A word-for-word retyping of the listing below is required, with the pictures dropped.

───── Material for this task ─────

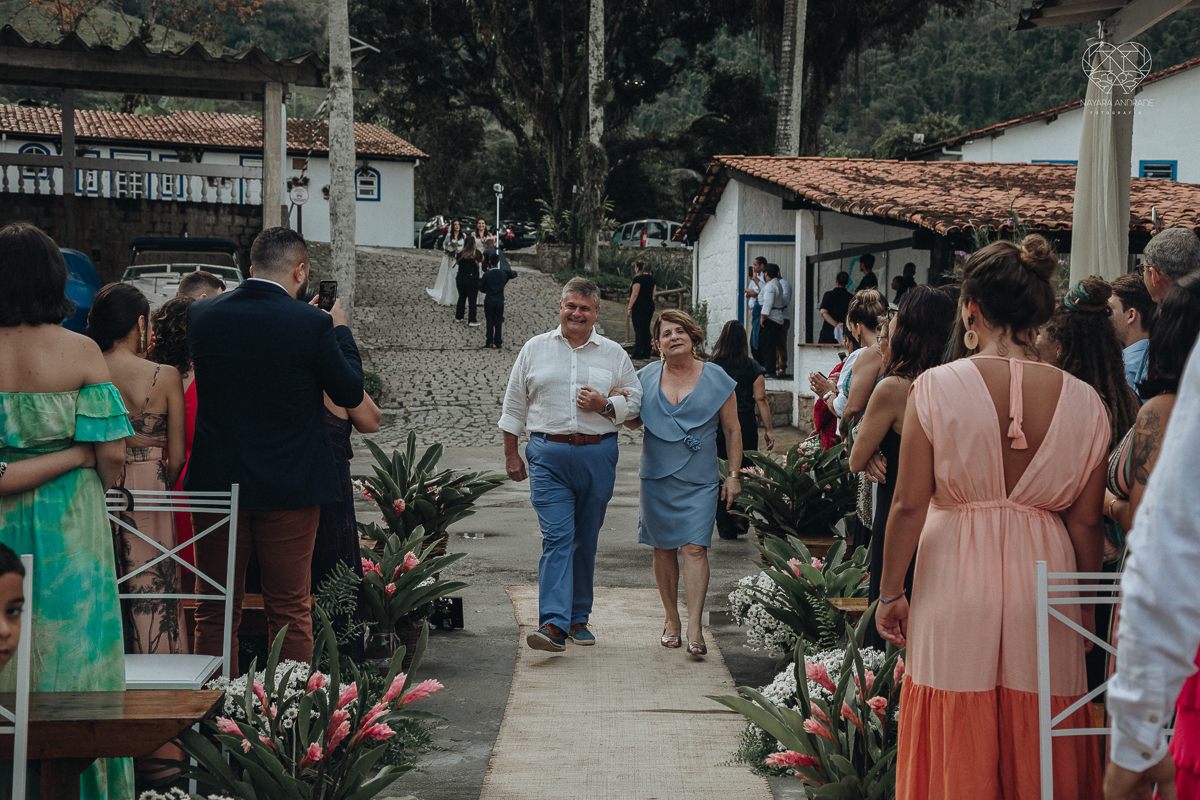 casamento feito em Paraty Rio de Janeiro pela fotografa premiada no brasil e no mundo nayara anrade fotografia casamento homoafetivo entre duas mulheres de vestido de noiva ao ar livre no fim de tarde casamento com noivas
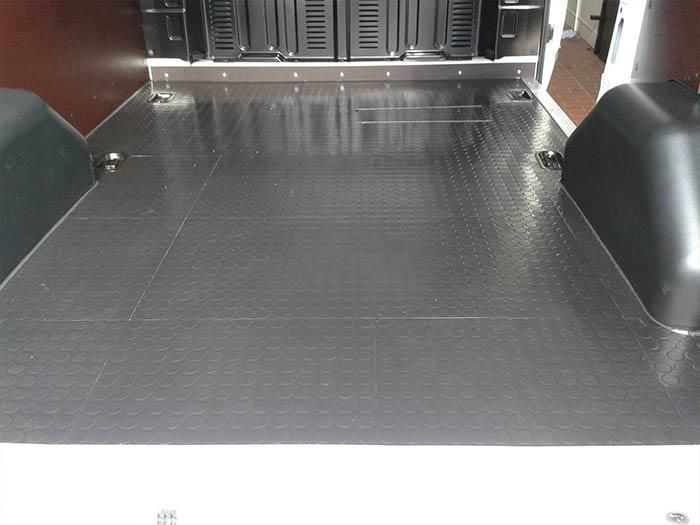 Das Innere eines Lieferwagens mit schwarzem Gummiboden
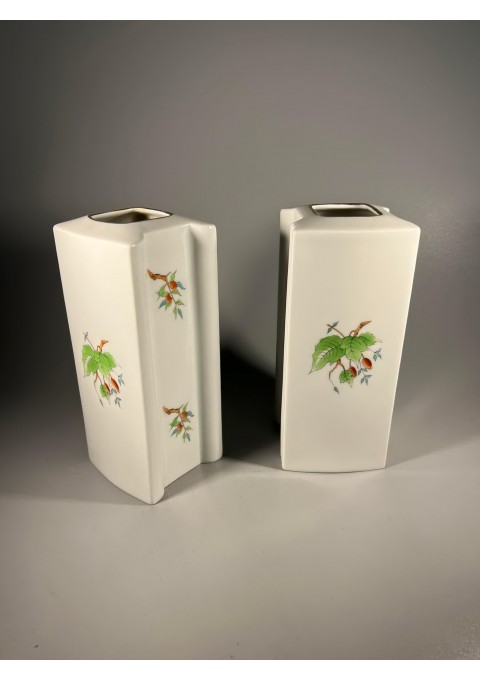 Vazos porcelianinės Art Deco stiliaus Herend Hungary. Aukštis 16 cm. Kaina 73 už abi.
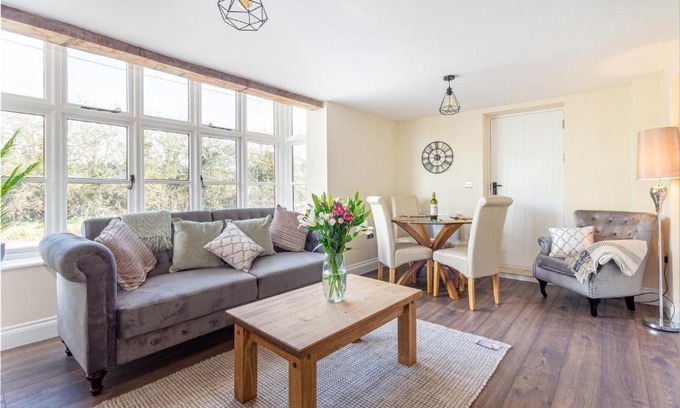 Eastgate House | Middle Cottage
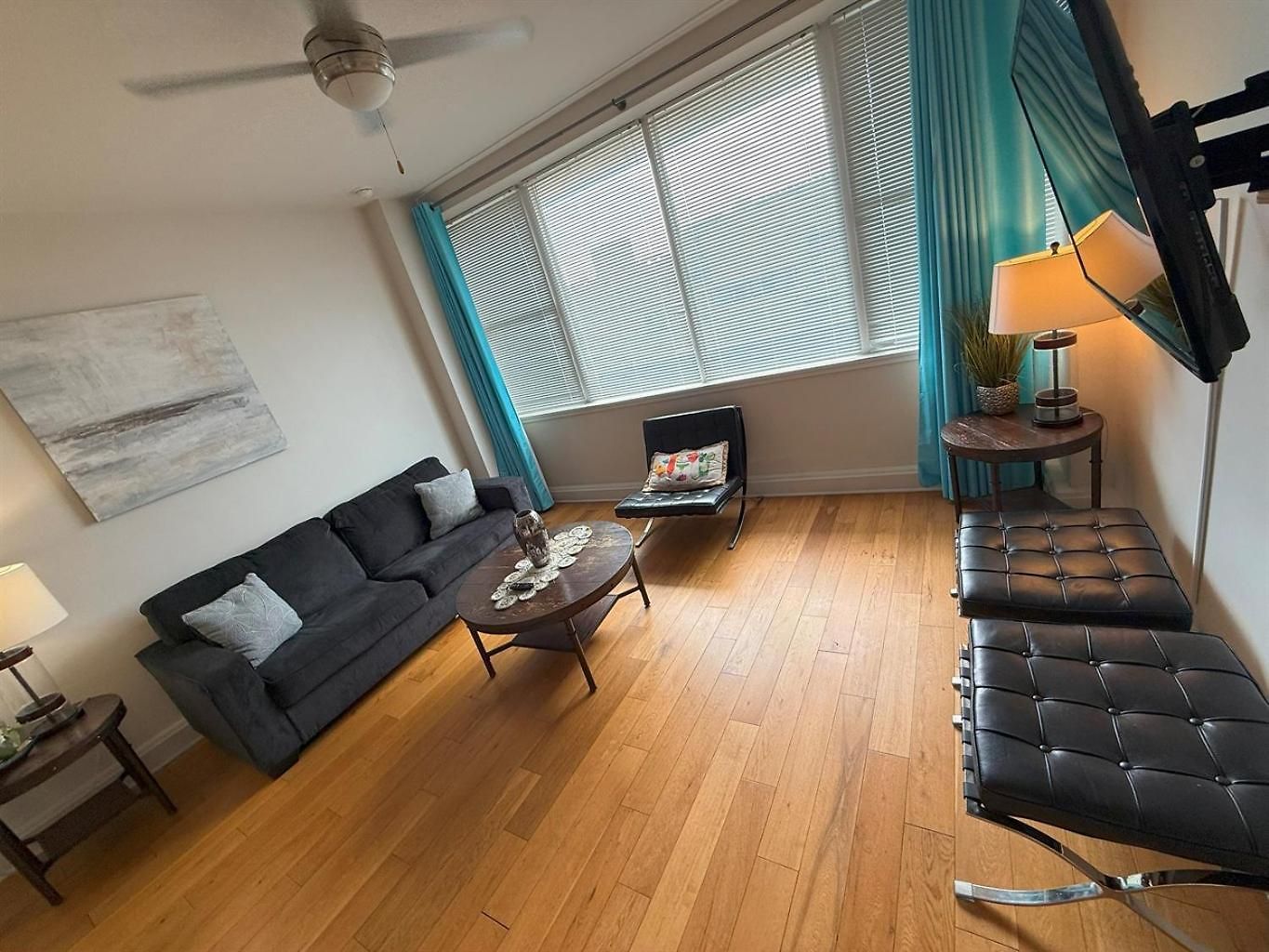 Apartment Beautiful Walk To French Quarter, Pool, Gym, View *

─────

### Solution to this exercise
 casamento feito em Paraty Rio de Janeiro pela fotografa premiada no brasil e no mundo nayara anrade fotografia casamento homoafetivo entre duas mulheres de vestido de noiva ao ar livre no fim de tarde casamento com noivas
 Das Innere eines Lieferwagens mit schwarzem Gummiboden
 Vazos porcelianinės Art Deco stiliaus Herend Hungary. Aukštis 16 cm. Kaina 73 už abi.
 Eastgate House | Middle Cottage
 Apartment Beautiful Walk To French Quarter, Pool, Gym, View *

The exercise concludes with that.